Pant's strike rate is audacious too (everyone else in the top five has a strike rate in the 40s). What a joy to see the 27-year-old storm the stage as he is doing.
If the Test series in England proves anything, it is this: India's new Test generation is packed with fantastic batting talent, and Kohli and Sharma's retirements have helped, not hurt, the team, by allowing this next generation to blossom.
Yashasvi Jaiswal, Gill and Rahul all proved they have what it takes to achieve true Test greatness: the temperament and technique. If Pant was doing his uniquely destructive and freewheeling dance at one end, Jaiswal, Gill and Rahul were the epitome of poise and classical correctness, marked by one gorgeous drive after another.
All sport thrives on such diversity. It is Bharatnatyam meets Breaking.
Pant announced his batting prowess soon after making his Test debut, when he became the first Indian wicketkeeper to score a century in Australia, in January 2019. His career-changing knock came in the Sydney Test in the 2020-21 Border Gavaskar Trophy series, where he not only helped India survive the final day and earn a draw, but hit back with a rapid, roaring 97 off 118 balls.
Then he outdid himself: in the next Test on the infamous pitch at The Gabba, he led a highly depleted Indian squad to victory with a frenzied, unbeaten 89 on the final day of the Test, to overcome the Aussie total, in a match that went down as one of the most improbable chases in Test cricket history.
Now, Pant is truly building his legacy. The twin centuries have made him the first Indian and only the second wicketkeeper in the world (after Andy Flower) to score centuries in both innings of a Test in England.
His match aggregate of 252 (134 and 118) is the highest by any Indian wicketkeeper in a Test. His four Test hundreds in England bring him at par with Sachin Tendulkar and Dilip Vengsarkar, and behind only Rahul Dravid (six), when it comes to Indian centurions in England. It is possible he will not only equal Dravid's record by the end of the series, but surpass it.
A less-important but very Pant statistic is that the nine sixes he hit in the second innings also equals the record for most sixes in an innings by any batter in England (putting him at par with Andrew Flintoff and Ben Stokes on this front).
There are few things more seductive in cricket than the combination of superb skill and a maverick attitude and, in this, Pant follows in the footsteps of giants such as Viv Richards (swaggering onto the field chewing gum, a rakishly angled cap instead of a helmet on his head), Shoaib Akhtar (a run-up that started near the boundary, long hair flying, a missile of a delivery, and Akhtar wheeling away in 'airplane' celebration) and Steve Smith (all Chaplinesque twitches and ticks, but one of the greatest batting techniques in the history of the game).
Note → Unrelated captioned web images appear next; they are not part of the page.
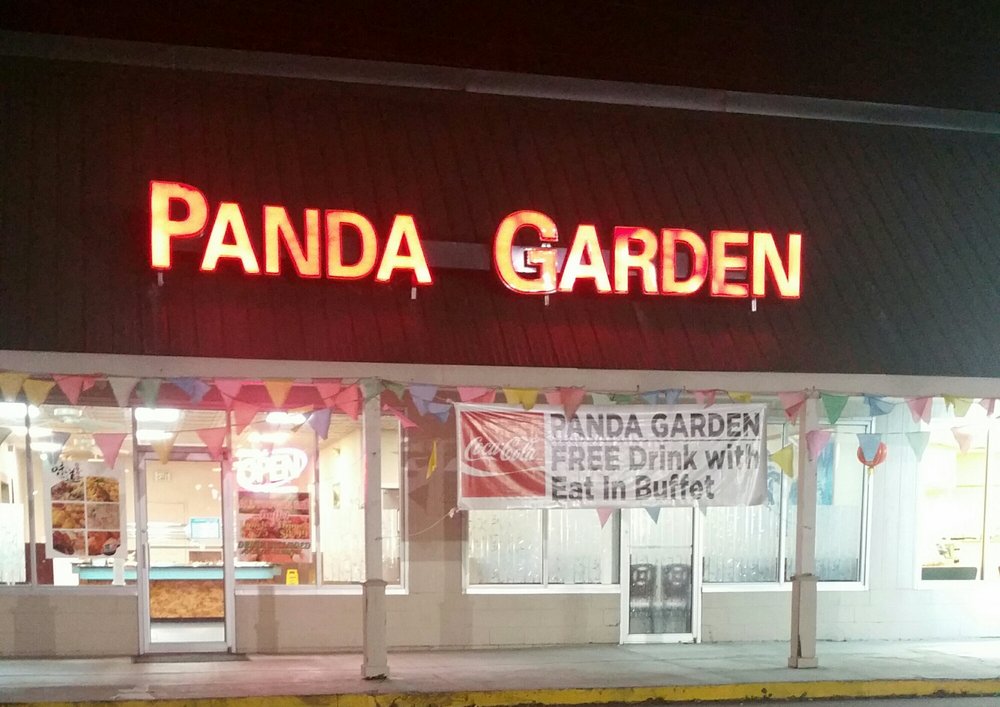 Panda Garden Logo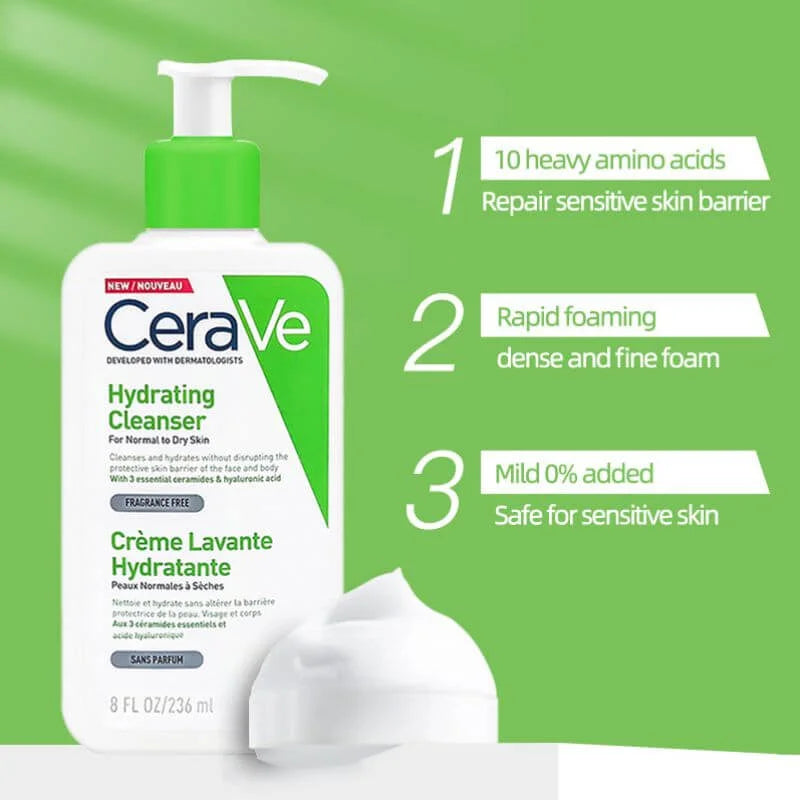 CeraVe ~ Hydrating Cleanser 236ml
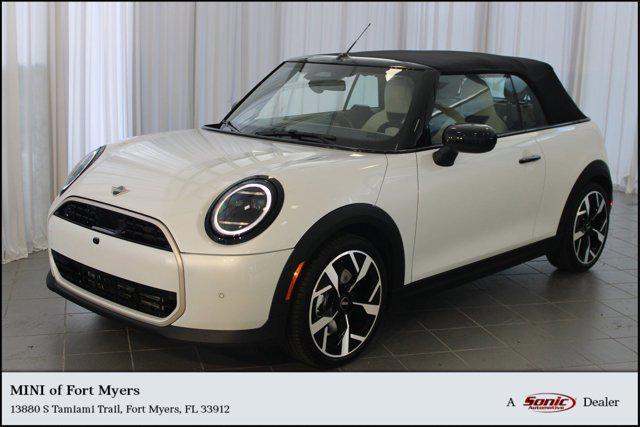 new 2025 MINI Convertible car, priced at $40,525
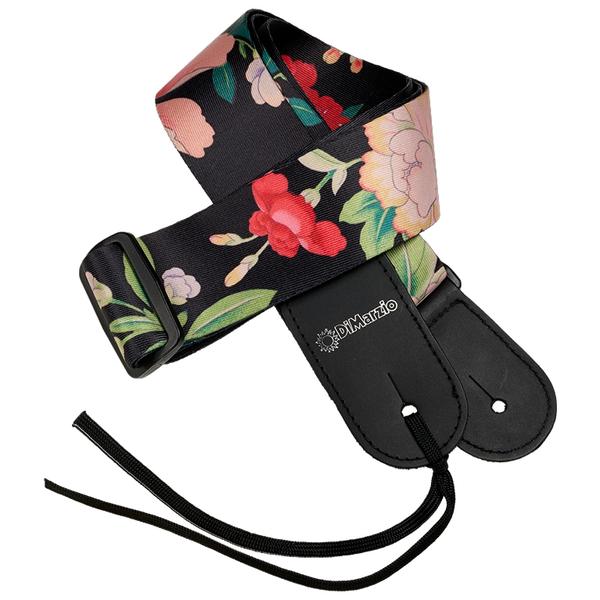 DiMarzio-ストラップDD3154 Steve Vai Botanical Guitar Straps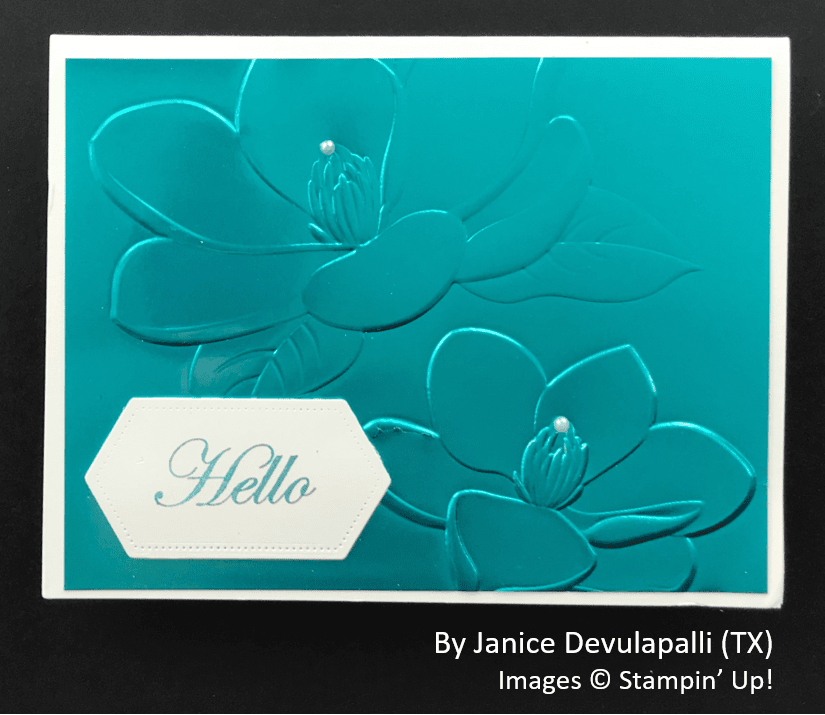 by Janice Devulapalli, Sending Love One-for-One Card Swap, Stampin Up! by Janice Devulapalli, Sending Love One-for-One Card Swap, Stampin Up!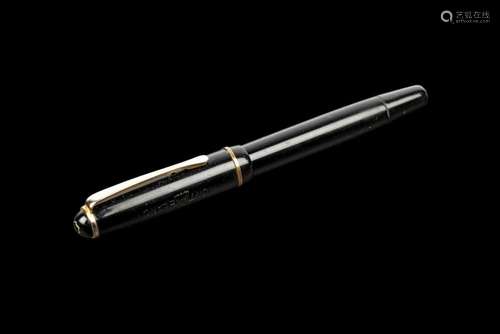 Montblanc pen made in Spain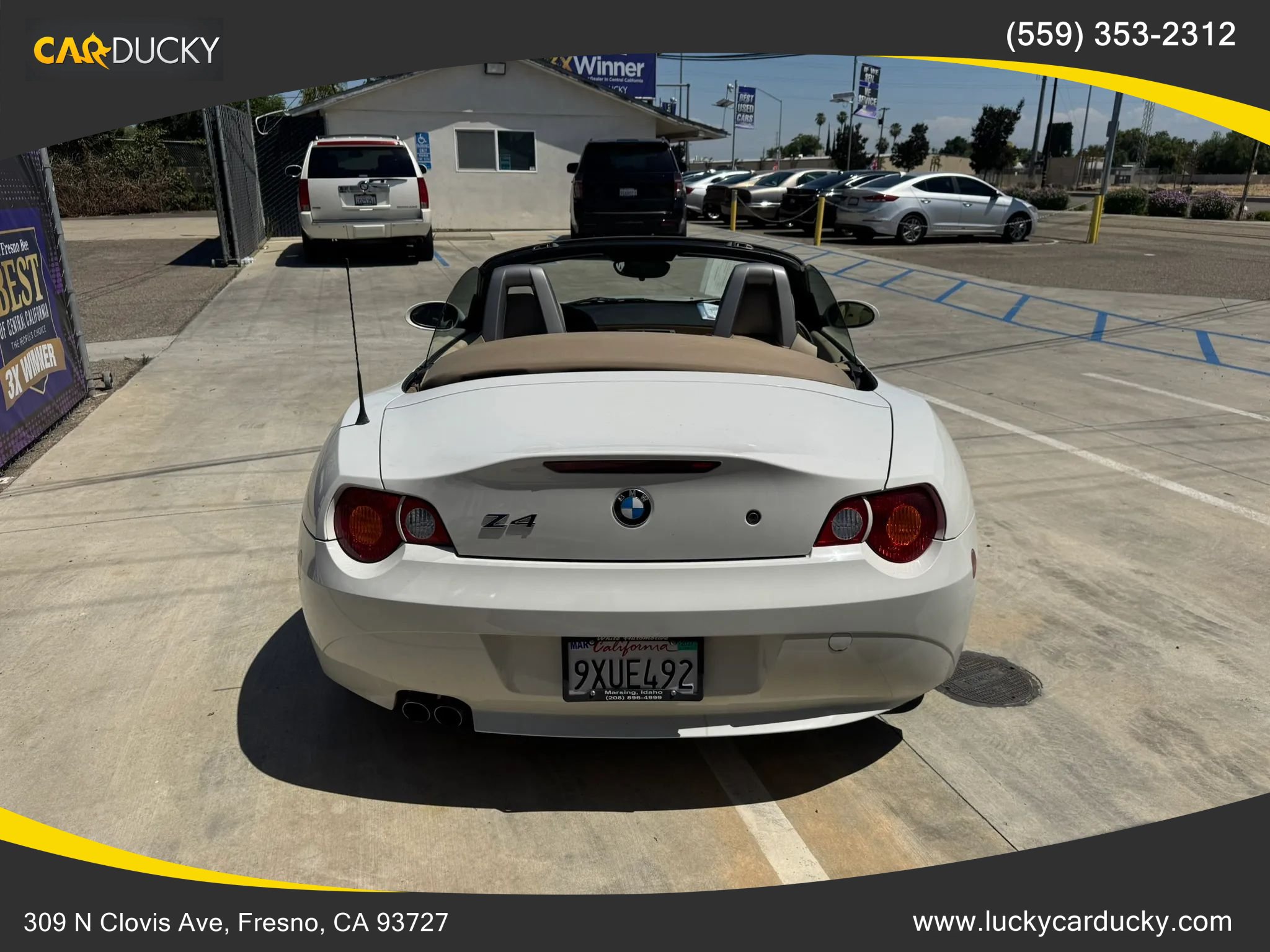Used 2004 BMW Z4 3.0i RWD image 4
Pant brings with him his nutty rolling-and-tumbling scoop shot, brings up his century with a one-handed six (in the first innings in the first Test), does backflips to celebrate milestones, steps out to hit the most ferocious bowlers like their reputations mean nothing, and smiles impishly through it all.
'It is hard for us to understand the mindset,' Rahul told reporters, after the first Test, 'but you let Rishabh Pant be Rishabh Pant. There is obviously… a lot of thought behind the outrageous shots he plays.'
Pant is just the maverick Indian cricket needs.